Artificial intelligence, on the other hand, relies on artificial neural networks inspired by the brain neuronal network¹⁰, including recurrent neural networks, convolutional neural networks, Hopfield neural networks, etc. Now, given the recent discovery of higher-order cliques and cavities in the brain, the question is how to further develop artificial intelligence to an even higher level by utilizing all the new knowledge about brain topology. Notably, an effective neuronal network construction was recently proposed by a research team from the Massachusetts Institute of Technology, inspired by the real structure of the neuronal network of the Caenorhabditis elegans¹¹.

It is important to understand how the brain stores information, learns new knowledge, and reacts to external stimuli. It is also essential to understand how the brain adaptively creates topological connections and computing patterns. All these tasks depend on in-depth studies of the brain neuronal network. Recently, the Brain Initiative project of USA (https://en.wikipedia.org/wiki/BRAIN_Initiative, https://braininitiative.nih.gov/), the Human Brain project of EU (https://en.wikipedia.org/wiki/Human_Brain_Project, https://www.humanbrainproject.eu/en/) and the China Brain project (https://en.wikipedia.org/wiki/China_Brain_Project) have been established to take such big challenges.

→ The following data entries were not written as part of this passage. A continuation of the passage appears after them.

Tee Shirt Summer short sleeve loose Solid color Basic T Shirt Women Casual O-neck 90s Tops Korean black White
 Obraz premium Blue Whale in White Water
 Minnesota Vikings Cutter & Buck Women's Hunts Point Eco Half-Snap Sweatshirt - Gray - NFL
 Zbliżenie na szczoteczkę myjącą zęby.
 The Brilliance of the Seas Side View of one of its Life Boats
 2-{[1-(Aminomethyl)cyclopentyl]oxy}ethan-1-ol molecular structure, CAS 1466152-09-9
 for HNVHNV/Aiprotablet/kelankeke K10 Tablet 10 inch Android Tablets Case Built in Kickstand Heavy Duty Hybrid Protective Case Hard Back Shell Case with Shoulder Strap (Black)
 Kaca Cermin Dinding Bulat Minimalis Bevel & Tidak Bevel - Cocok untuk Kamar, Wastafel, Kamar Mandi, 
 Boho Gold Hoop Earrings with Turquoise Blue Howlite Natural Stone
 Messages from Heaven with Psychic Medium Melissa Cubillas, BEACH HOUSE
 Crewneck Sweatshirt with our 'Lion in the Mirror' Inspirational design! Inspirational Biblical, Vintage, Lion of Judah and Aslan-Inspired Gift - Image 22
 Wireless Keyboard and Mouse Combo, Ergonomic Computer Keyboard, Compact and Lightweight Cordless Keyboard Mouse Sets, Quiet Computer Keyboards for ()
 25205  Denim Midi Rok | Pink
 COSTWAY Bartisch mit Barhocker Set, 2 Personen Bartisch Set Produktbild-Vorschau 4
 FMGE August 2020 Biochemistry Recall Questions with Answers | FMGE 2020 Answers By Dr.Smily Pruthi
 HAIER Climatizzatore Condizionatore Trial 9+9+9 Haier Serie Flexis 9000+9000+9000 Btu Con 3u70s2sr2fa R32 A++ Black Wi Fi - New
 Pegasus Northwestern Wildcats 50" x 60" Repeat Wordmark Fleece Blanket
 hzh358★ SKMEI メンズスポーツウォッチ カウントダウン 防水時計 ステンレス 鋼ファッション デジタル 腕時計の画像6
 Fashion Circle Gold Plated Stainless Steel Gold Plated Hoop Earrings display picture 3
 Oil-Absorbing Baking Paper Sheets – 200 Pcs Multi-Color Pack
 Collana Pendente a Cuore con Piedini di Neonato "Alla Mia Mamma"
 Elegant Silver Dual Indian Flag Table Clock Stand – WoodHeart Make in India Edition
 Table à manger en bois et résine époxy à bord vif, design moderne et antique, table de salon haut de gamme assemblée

Many renowned mathematicians had contributed a lot of fundamental work to related subjects, such as Euler characteristic number, Betti number, groups of Abel and Galois, higher-order Laplacian matrices, as well as Euler-Poincaré formula and homology. This also demonstrates the importance of studying cliques and cavities for the further development of network science. In addition, the advance from pairwise interactions to higher-order interactions in complex system dynamics requires the knowledge of higher-order cliques and cavities of networks¹². The numbers of zero eigenvalues of higher-order Hodge-Laplacian matrices are equal to the corresponding Betti numbers, while their associate eigenvectors are closely related to higher-order cavities¹³.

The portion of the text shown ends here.